Note: To visualize the bar plot of the number of unique hybrid and electric car brands models, we recommend deploying the dashboard and interacting with the `RadioButtons`.
In 2012, only two electric car models, Nissan's Leaf and Mitsubishi's i-MiEV, and one hybrid car manufacturer, Chevrolet's Volt, were present in the market. Since then, this figure has grown to 134 electric car models and 32 hybrid car models in 2023 in Canada.
#### `ggplot` API Boxplot
To keep a user engaged and interested in your dashboard, it is important to use different libraries too along with visualizations and widgets. This dashboard also makes use of `JupySQL`s `ggplot` API for the second visualization, a boxplot of fuel consumption and $CO_2$ emissions of all types of vehicles.

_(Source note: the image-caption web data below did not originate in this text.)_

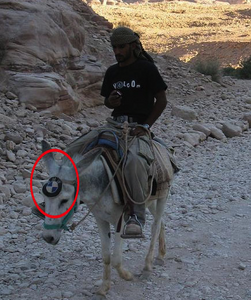 Spy Photos of the next BMW?-agwxq.png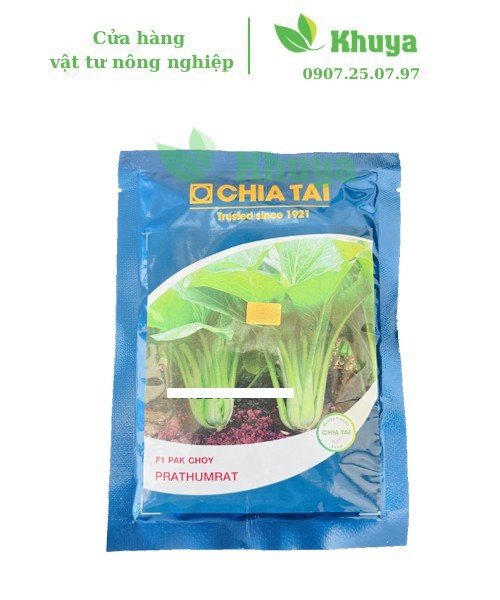 Hạt giống Cải Ngọt Chia Tai 50gr Nảy mầm cao
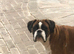 Megan boxer spayed
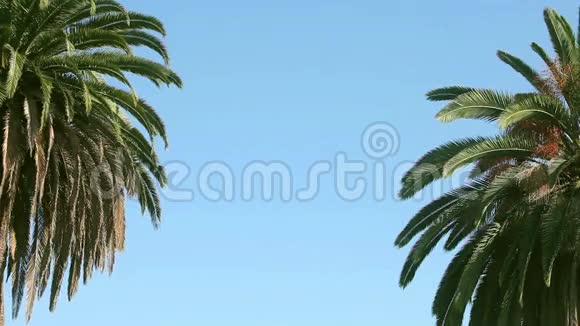 把两棵摇曳的棕榈树靠在蓝天上视频的预览图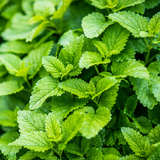 Lemon Balm Organic ~ Melissa officinalis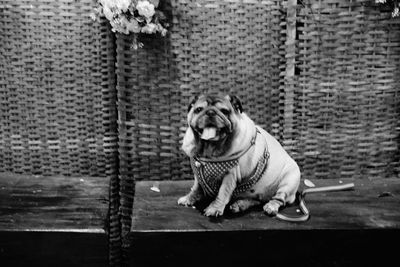 Portrait of dog looking away while sitting on floor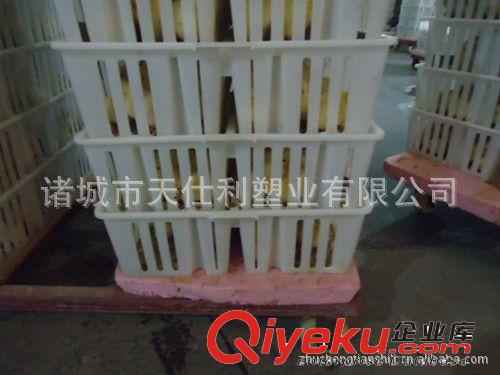 批發周轉箱 雞周轉箱  雛雞箱 雞苗運輸箱 周轉箱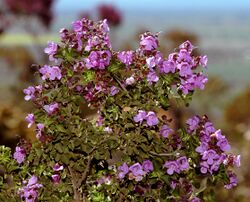 Prostanthera rotundifolia.jpg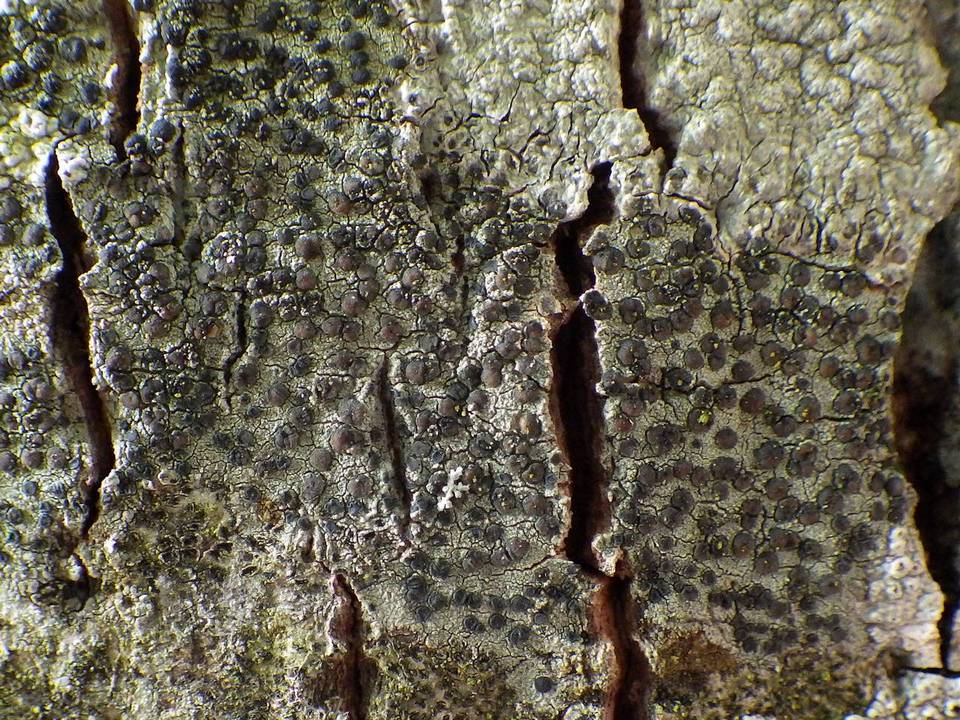 Lecidella elaeochroma f. elaeochroma image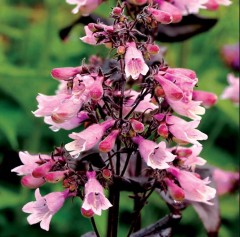 Penstemon Dakota Burgundy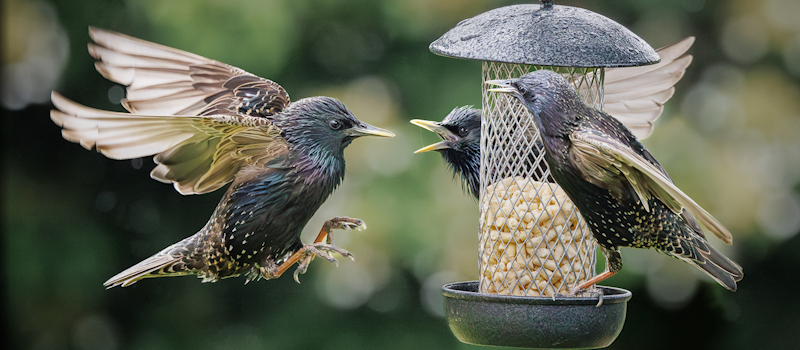 Picture: Mark Russell-Three is a Crowd
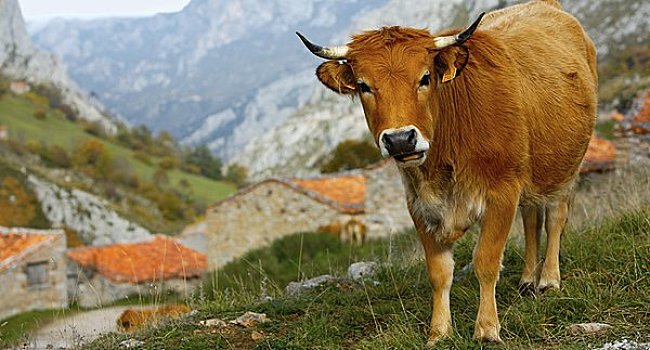 母牛,欧洲,阿斯图里亚斯,西班牙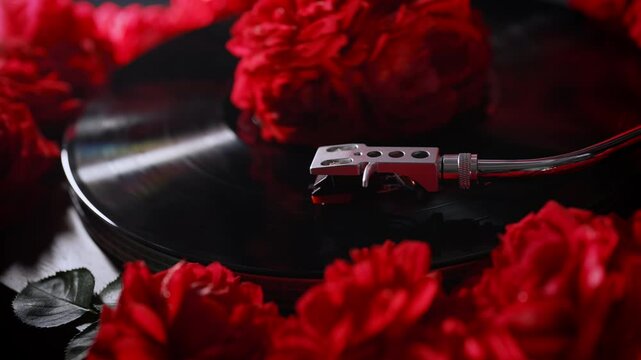 Classic vinyl record playing with red roses flowers background. Romantic collection, turntable spin, analog sound, beautiful music for love. LP, vintage aesthetics.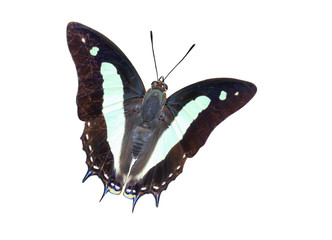 Isolated common nawab butterfly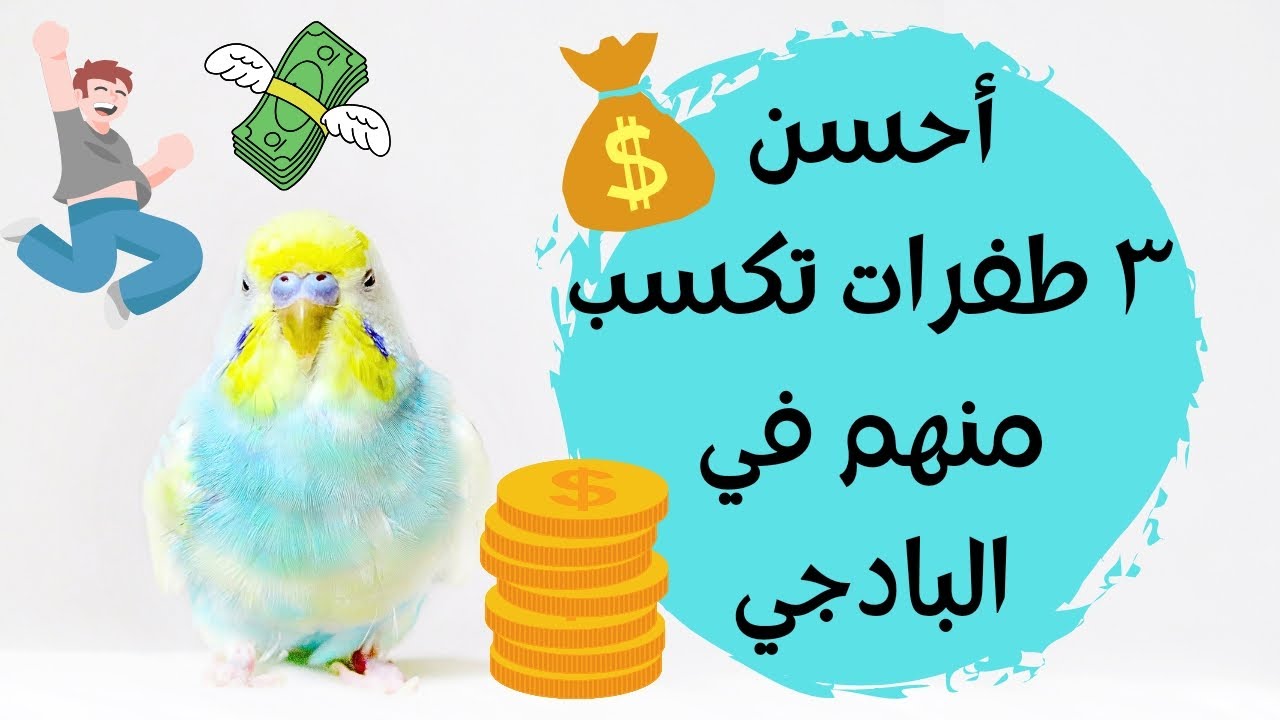 بلاش تضيع وقتك في إنتاج عصافير بدون قيمه | ازاي تكسب من البادجي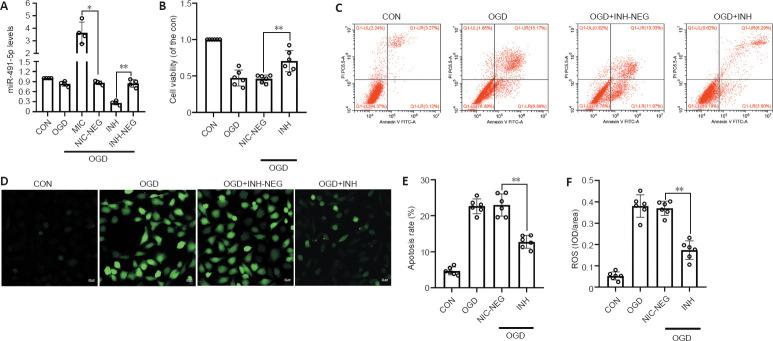 https://cdn.ncbi.nlm.nih.gov/pmc/blobs/aea2/8504397/2bff50842375/NRR-17-577-g005.jpg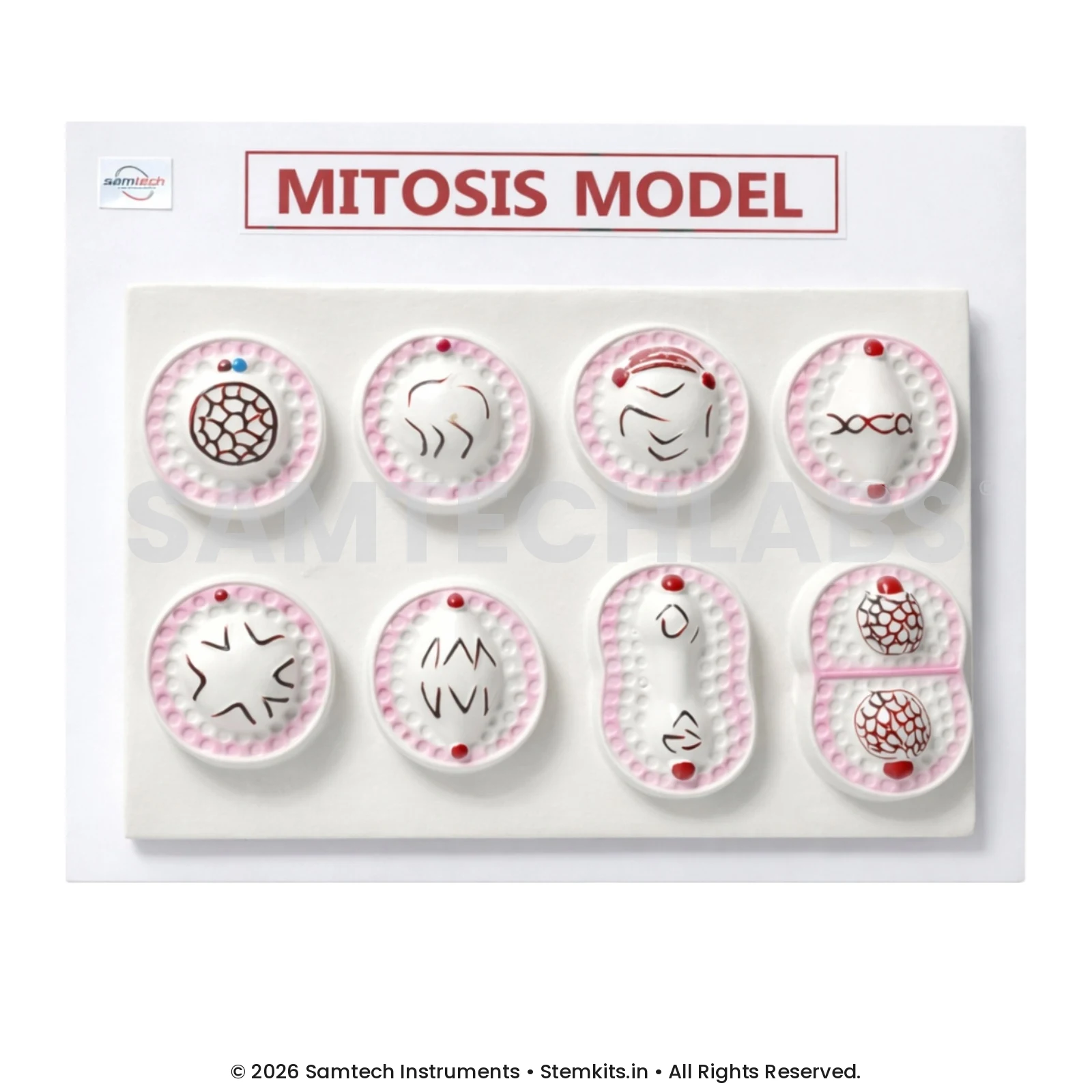 Mitosis Model manufacturer in India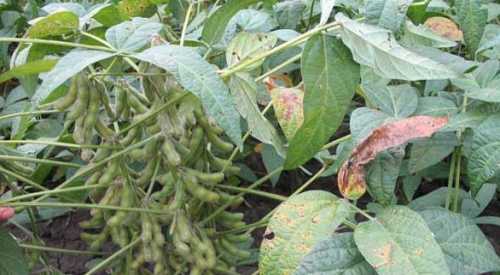 大豆种植技术是什么？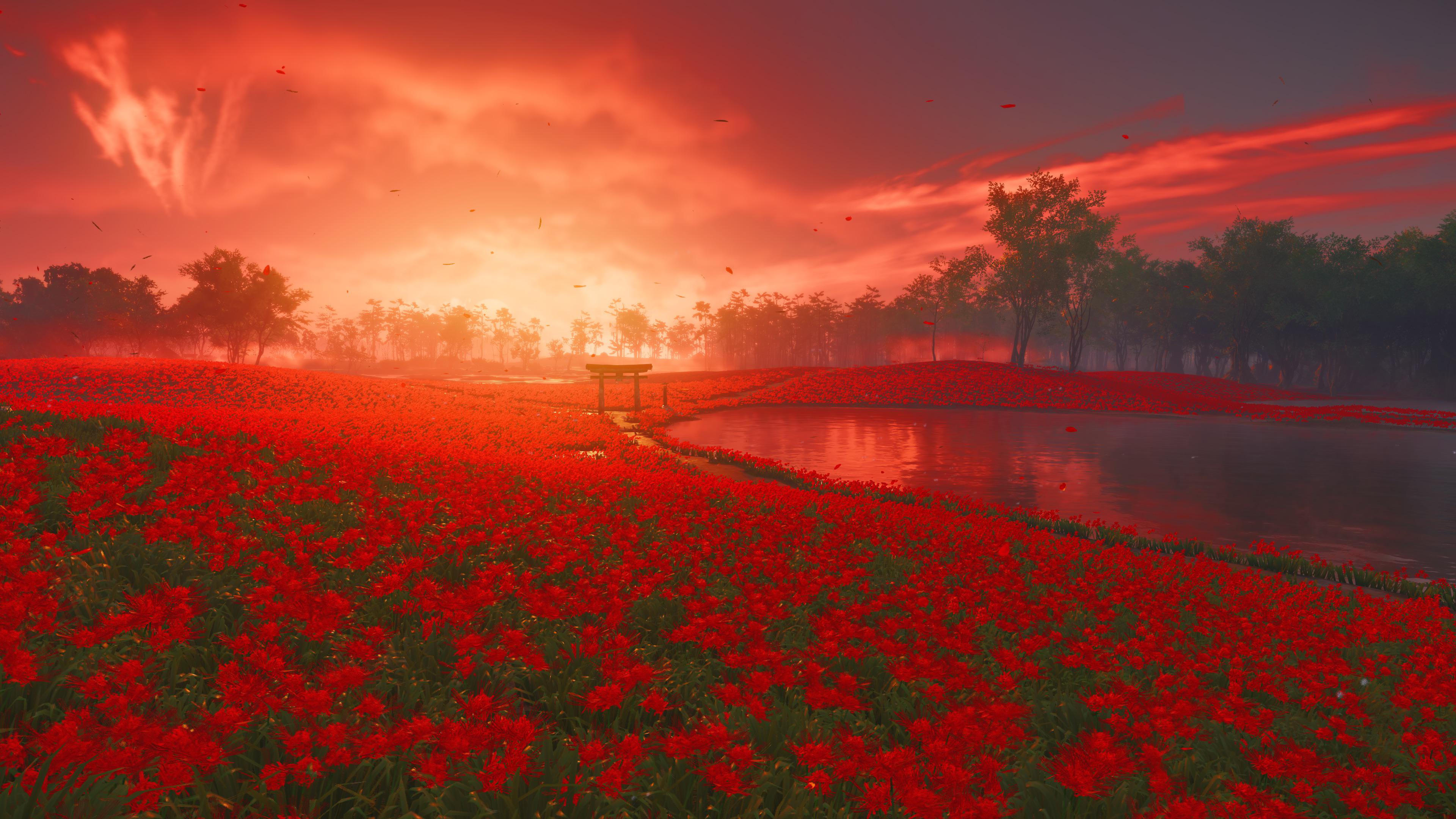 3840x2160 Ghost of Tsushima is still the most beautiful open world game I've ever played, what a gorgeous game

Recall this [example](https://ploomber-sql.readthedocs.io/en/latest/visualizing-your-sql-queries/plotting-with-ggplot.html#question-2-easy) from the Visualizing Your SQL Queries module.
The $CO_2$ emissions variable, `co2emissions_g_km`, is measured in a different scale, grams per kilometer, than the fuel consumption variables scale, liters per 100 kilometers. Therefore, it is recommended to visualize `co2emissions_g_km` individually to avoid confusion.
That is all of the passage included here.